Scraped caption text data
:::::

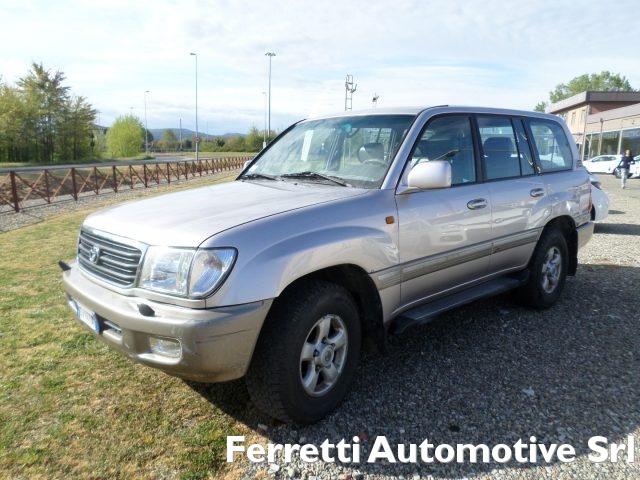 TOYOTA Land Cruiser 4.2 TD 24V 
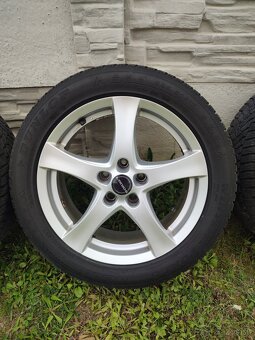 5x112 R17 borbet - 5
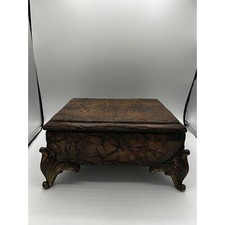 Ornate trinket box for sale  Coldwater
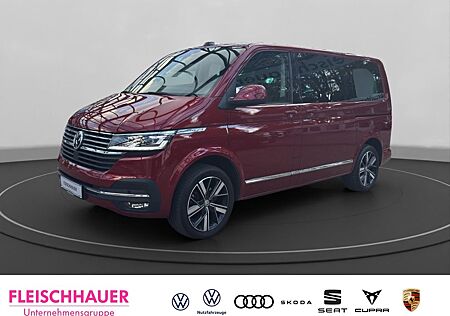 VW T6 Multivan Volkswagen T6.1 Multivan Generation Six 4MOTION 2.0 TDI AHK
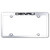Au-TOMOTIVE GOLD | License Plate Covers and Frames | GMC | AUGD5506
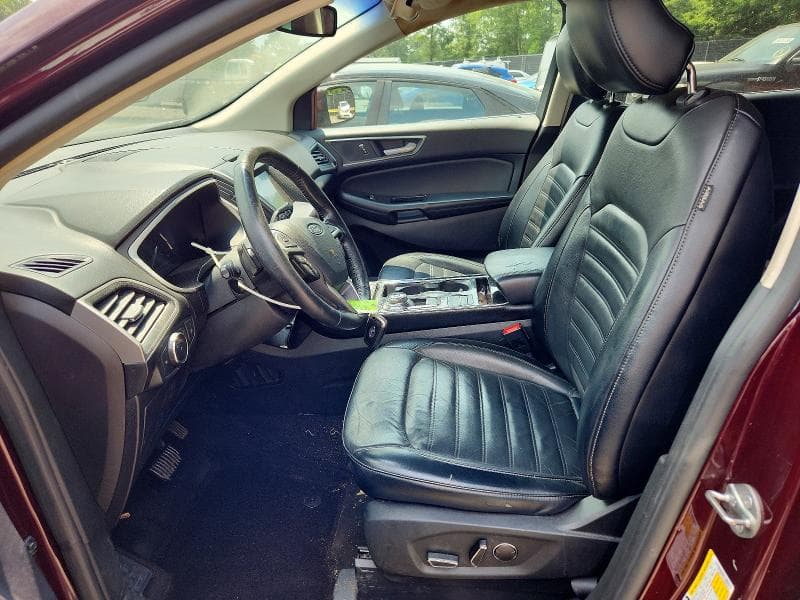 2019 FORD EDGE SEL 7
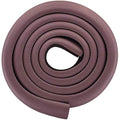 M2cbridge Extra Thick L-Shape Foam Edge Protector – Brown, 2M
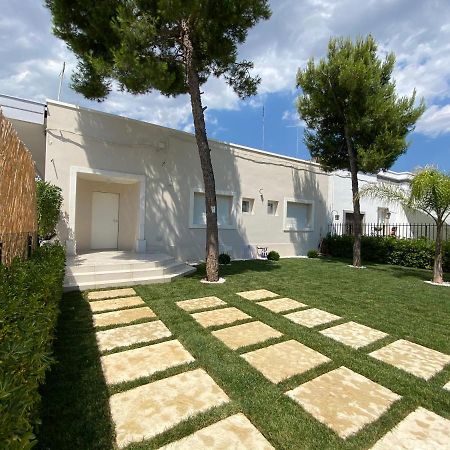 Paleat-Manduria Bed and Breakfast Εξωτερικό φωτογραφία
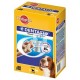 DENTASTIX Caja 4 Bolsas de 7 Barritas Snack Dentas para Perros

:::::

Transcribe every entry word for word, but skip the pictures.

> **Solution to this task**
 TOYOTA Land Cruiser 4.2 TD 24V 
 5x112 R17 borbet - 5
 Ornate trinket box for sale  Coldwater
 VW T6 Multivan Volkswagen T6.1 Multivan Generation Six 4MOTION 2.0 TDI AHK
Au-TOMOTIVE GOLD | License Plate Covers and Frames | GMC | AUGD5506
 2019 FORD EDGE SEL 7
 M2cbridge Extra Thick L-Shape Foam Edge Protector – Brown, 2M
 Paleat-Manduria Bed and Breakfast Εξωτερικό φωτογραφία
 DENTASTIX Caja 4 Bolsas de 7 Barritas Snack Dentas para Perros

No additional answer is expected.